Snugglebum the Destroyer
QUOTE
Never microwave your retainer.


I'd really like to know WHY you were microwaving it? Cold gums? biggrin.gif
Tarantio
some sort of vengeance, I should think.
Hobbes
QUOTE (Righteous @ Oct 24 2004, 02:37 AM)
QUOTE (Snugglebum the Destroyer @ Oct 23 2004, 08:54 PM)
QUOTE
My friend CJ: I sincerely hope none of you will ever be in this situation, but if you're driving in a car with three other guys carrying a combined amount of about an ounce and a half of pot and get pulled over, don't be the only one who eats the stash. Poor CJ.


Okay - you have altogether far too many dope related stories. biggrin.gif
*


Yeah, I noticed that, but most of the mess-ups my friends and I have are drug-related. There's more opportunity to mess up when your intoxicated.
*



I'm sure there's a lesson to be learnt here...
Feyliya
QUOTE (Snugglebum the Destroyer @ Oct 24 2004, 09:19 PM)
QUOTE
Never microwave your retainer.


I'd really like to know WHY you were microwaving it? Cold gums? biggrin.gif
*



Well, I couldn't eat with the retainer in my mouth so I would take it out and set it nearby. This one time I took it out and set it on my dinner plate. Then, upon cutting into my chicken I discovered that it was only half-cooked (gotta love my mother's cooking). So, like any normal person would do, I stuck my plate in the microwave and zapped it for a couple of minutes.

My orthodontist now adds "don't microwave the thing" to his list of things to tell the kiddies when he gives them their equipment. Right along with "don't wash it in the dishwasher" and "don't leave it anywhere near the stove".
Tarantio
QUOTE (Feyliya @ Oct 25 2004, 05:48 PM)
QUOTE (Snugglebum the Destroyer @ Oct 24 2004, 09:19 PM)
QUOTE
Never microwave your retainer.


I'd really like to know WHY you were microwaving it? Cold gums? biggrin.gif
*



Well, I couldn't eat with the retainer in my mouth so I would take it out and set it nearby. This one time I took it out and set it on my dinner plate. Then, upon cutting into my chicken I discovered that it was only half-cooked (gotta love my mother's cooking). So, like any normal person would do, I stuck my plate in the microwave and zapped it for a couple of minutes.
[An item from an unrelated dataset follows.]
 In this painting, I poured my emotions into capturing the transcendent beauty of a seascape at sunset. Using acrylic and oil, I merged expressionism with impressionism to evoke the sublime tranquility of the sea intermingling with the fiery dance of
My orthodontist now adds "don't microwave the thing" to his list of things to tell the kiddies when he gives them their equipment. Right along with "don't wash it in the dishwasher" and "don't leave it anywhere near the stove".

*



They weren't by any chance anything to do with you, were they?
Feyliya
QUOTE (Tarantio @ Oct 25 2004, 05:51 PM)
QUOTE (Feyliya @ Oct 25 2004, 05:48 PM)
Well, I couldn't eat with the retainer in my mouth so I would take it out and set it nearby.  This one time I took it out and set it on my dinner plate.  Then, upon cutting into my chicken I discovered that it was only half-cooked (gotta love my mother's cooking).  So, like any normal person would do, I stuck my plate in the microwave and zapped it for a couple of minutes.
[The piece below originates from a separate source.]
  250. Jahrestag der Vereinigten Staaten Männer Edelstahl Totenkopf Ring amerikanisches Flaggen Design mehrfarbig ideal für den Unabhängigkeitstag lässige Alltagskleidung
My orthodontist now adds "don't microwave the thing" to his list of things to tell the kiddies when he gives them their equipment.  Right along with "don't wash it in the dishwasher" and "don't leave it anywhere near the stove".

*


They weren't by any chance anything to do with you, were they?
*



No, no, not me. Some other geniuses who came before.
Tarantio
still, you would think the guy would learn to put a general warning on them or something. Like my personal favourite, that should be put on all expensive/sensitive equipment:

"Not to be used by idiots. Smart people, don't do stupid things with these."
Faerieryn
I stil think the classics for warnings are:

"may contain nuts"- On a packet of peanuts

"This suit does not enable you to fly" On a child's superman costume

"Do not try to stop blade with hands, feet or genetailia" - On a chainsaw!!
exceptional1709
"If you are incapable of reading or understanding any warnings on packaging, do not use product"- on a bottle of bleach.

Do not pour water on a light bulb to see if it goes out. If you do, do not wait five hours before you tell somebody that you received a 240v shock and were hurled across the room- me, aged 3.

Do not forget to have breakfast on the first morning of school, get really hungry and pass out halfway through your second lesson- me, aged 13.

Do not stick a metal fork in the electric toaster to get the burnt toast out- my sister, aged 11.

Do not put your bare feet on the floor under your desk without looking first. You might just tread on a wasp OUCH- me, just now.
Wyvern
No matter how good the music Never allow random strangers or friends to pogo round with you on their shoulders in an olde style pub with low beams!
Equally never allow those previously mentioned persons to play catch with small person, no matter HOW GOOD they say they are...believe me it ends painfully...everytime! ( yes I was daft enough not to learn from the first attempt or the second!)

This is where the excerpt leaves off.